#### DATASET SECTION
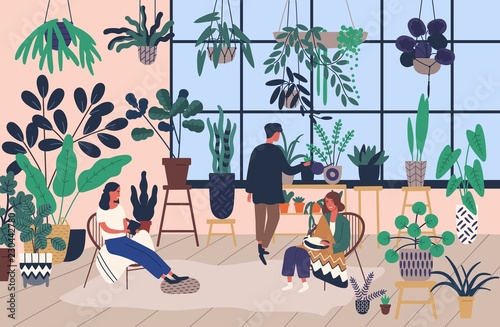 Group of people or friends spending time at greenhouse or home garden with plants growing in pots. Young men and women caring for houseplants. Trendy vector illustration in flat cartoon style.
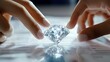 © BerkahStock - Close-up of two hands gently holding a large, brilliant-cut diamond on a document.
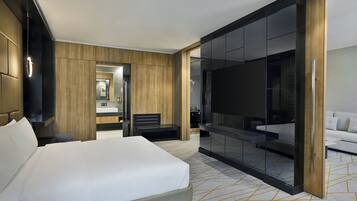 Ett modernt hotellrum med en stor säng, en sittgrupp, en glasvägg och en soffa.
########
YOUR OBJECTIVE »
Retype all of the listing above exactly, but keep its pictures out.

COMPLETED EXERCISE »
 Group of people or friends spending time at greenhouse or home garden with plants growing in pots. Young men and women caring for houseplants. Trendy vector illustration in flat cartoon style.
 © BerkahStock - Close-up of two hands gently holding a large, brilliant-cut diamond on a document.
 Ett modernt hotellrum med en stor säng, en sittgrupp, en glasvägg och en soffa.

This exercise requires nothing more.